One of the elements of tenement-house life that Riis examines is the high rate of saloons packing the neighborhoods home to the poorest residents of New York. Riis characterizes “stale-beer dives” and other alcohol shops as a natural outgrowth of poverty. A typical Progressive-era reformer in this way, Riis assumes a moral connection between alcohol and moral depravity, even if he sees alcoholism as the result and not the cause of the unjust social and economic conditions of the poor. Drinking alcohol is, in his characterization, what the poor do because they are in need of some kind of solace for their situation. But stale-beer dives are also some of the only spaces of leisure open to this population. Places like reading rooms, cafés, and gardens, for instance, are absent from tenement neighborhoods: as a result, Riis argues, the saloons are both an emblem and a source of the worst things that can be found in the poorest areas of the city.
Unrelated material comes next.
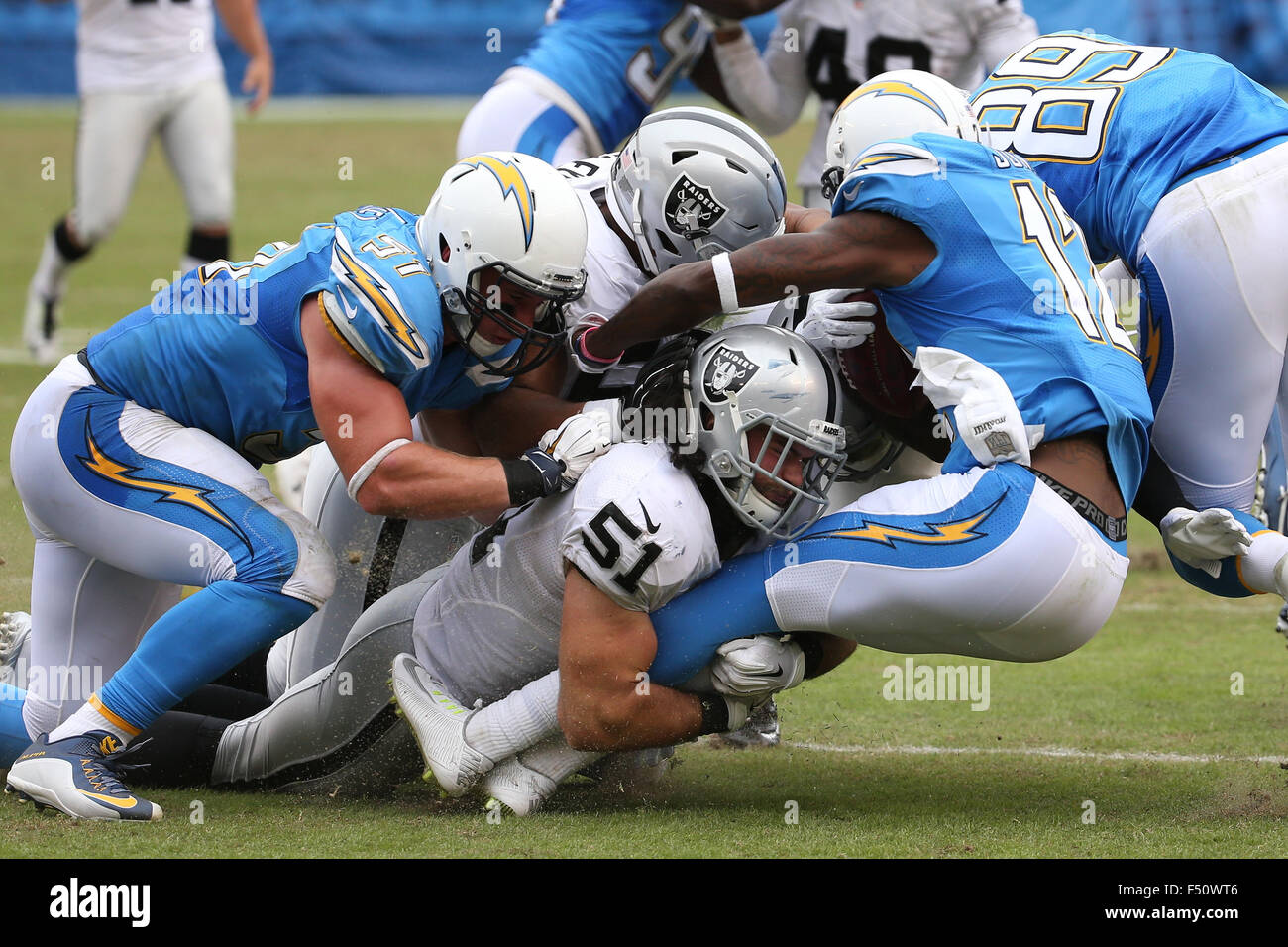 San Diego, CA, USA. 25th Oct, 2015. October 25, 2015: Oakland Raiders inside linebacker Ben Heeney (51) and two teammates makes a hard hit on San Diego Chargers wide receiver Jacoby Jones (12) in the game between the Oakland Raiders and San Diego Chargers, Qualcomm Stadium, San Diego, CA. Photographer: Peter Joneleit/ ZUMA Wire Service Credit:  Peter Joneleit/ZUMA Wire/Alamy Live News Stock Photo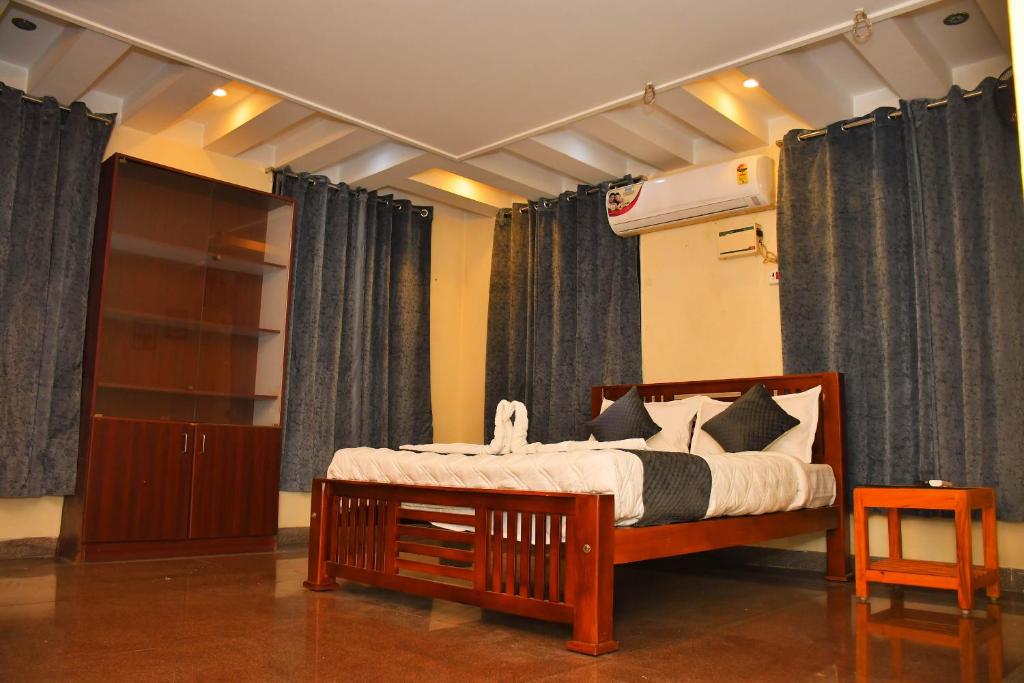 Revive Inn Pondy - Rooms & Villa في بونديتْشيري: غرفة نوم بسرير خشبي مع ستائر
Beer Quotes in How the Other Half Lives
The meanest thief is infinitely above the stale-beer level. Once upon that plane there is no escape. To sink below it is impossible; no one ever rose from it. One night spent in a stale-beer dive is like the traditional putting on of the uniform of the caste, the discarded rags of an old tramp.
One may walk many miles through the homes of the poor searching vainly for an open reading-room, a cheerful coffee-house, a decent club that is not a cloak for the traffic in rum. The dramshop yawns at every step, the poor man’s club, his forum and his haven of rest when weary and disgusted with the crowding, the quarreling, and the wretchedness at home.
A number of [saloons], on the contrary, had brought their owners wealth and prominence. From their bars these eminent citizens stepped proudly into the councils of the city and the State. The very floor of one of the bar-rooms, in a neighborhood that lately resounded with the cry for bread of starving workmen, is paved with silver dollars!